§ DIRECTIONS: Every entry gets copied exactly. No images go into the copy.

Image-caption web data
****************************************

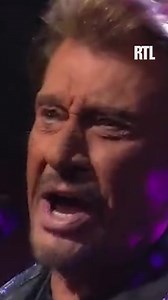 Retour en 2014, Johnny Hallyday était l’invité du Grand Studio RTL, il interprétait son titre « Te Manquer » en live ❤️ | RTL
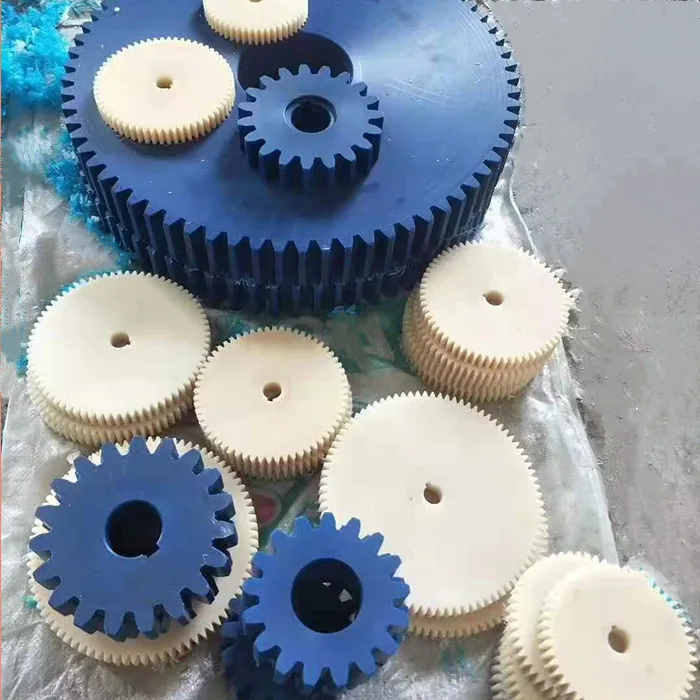 Factory  private  automotive parts made nylon gears or other plastic gear by injection moulding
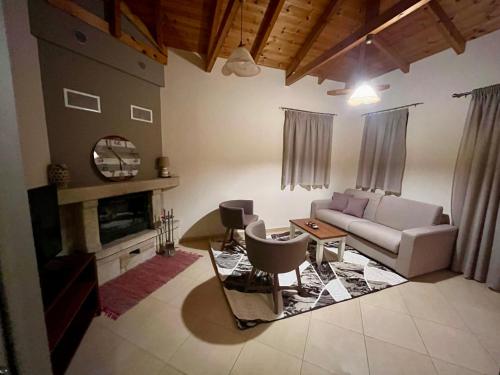 カルダミリにあるRiza Apartmentsのギャラリーの写真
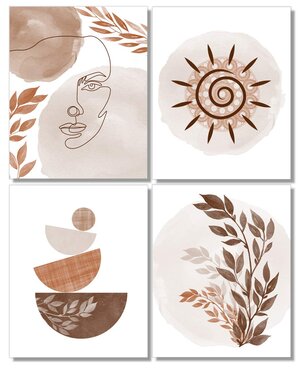 Artwork for Mantle Decor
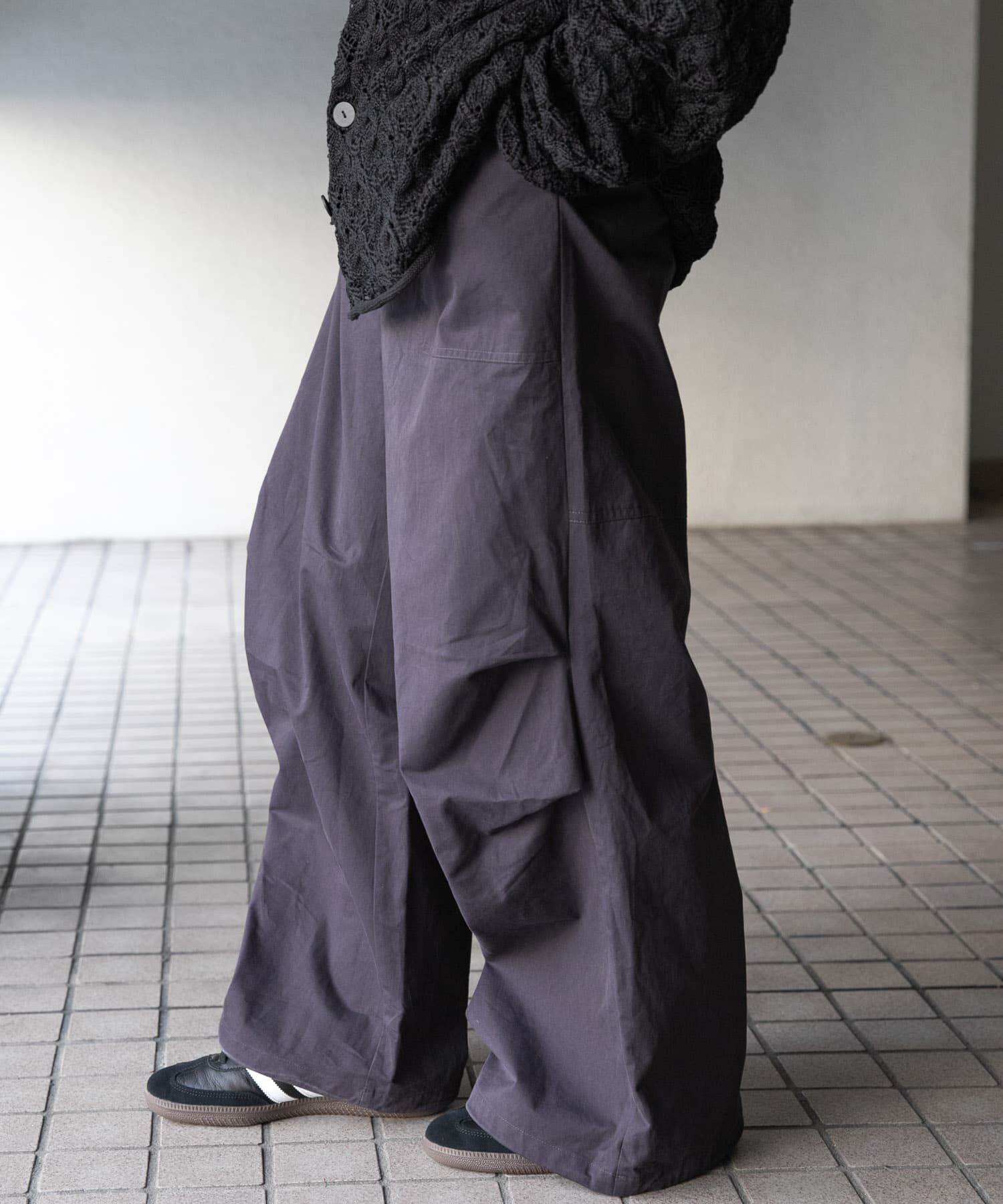 SENSE OF PLACE by URBAN RESEARCH「ベイカーワイドパンツ」|その他|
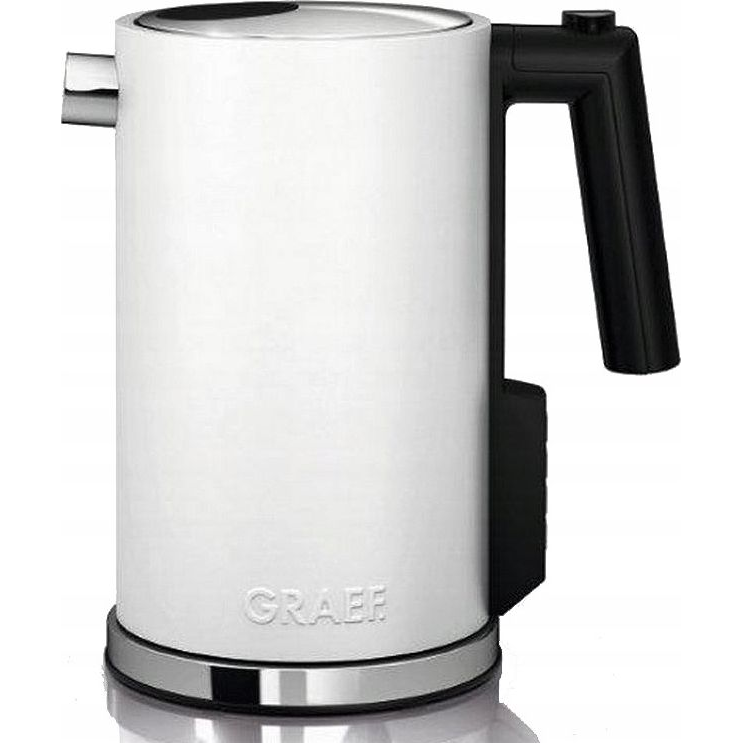 Graef WK901 elektromos vízforraló 1,2 literes fehér (Z038401)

****************************************

§ SOLUTION TO THIS PROBLEM:
 Retour en 2014, Johnny Hallyday était l’invité du Grand Studio RTL, il interprétait son titre « Te Manquer » en live ❤️ | RTL
 Factory  private  automotive parts made nylon gears or other plastic gear by injection moulding
 カルダミリにあるRiza Apartmentsのギャラリーの写真
 Artwork for Mantle Decor
 SENSE OF PLACE by URBAN RESEARCH「ベイカーワイドパンツ」|その他|
 Graef WK901 elektromos vízforraló 1,2 literes fehér (Z038401)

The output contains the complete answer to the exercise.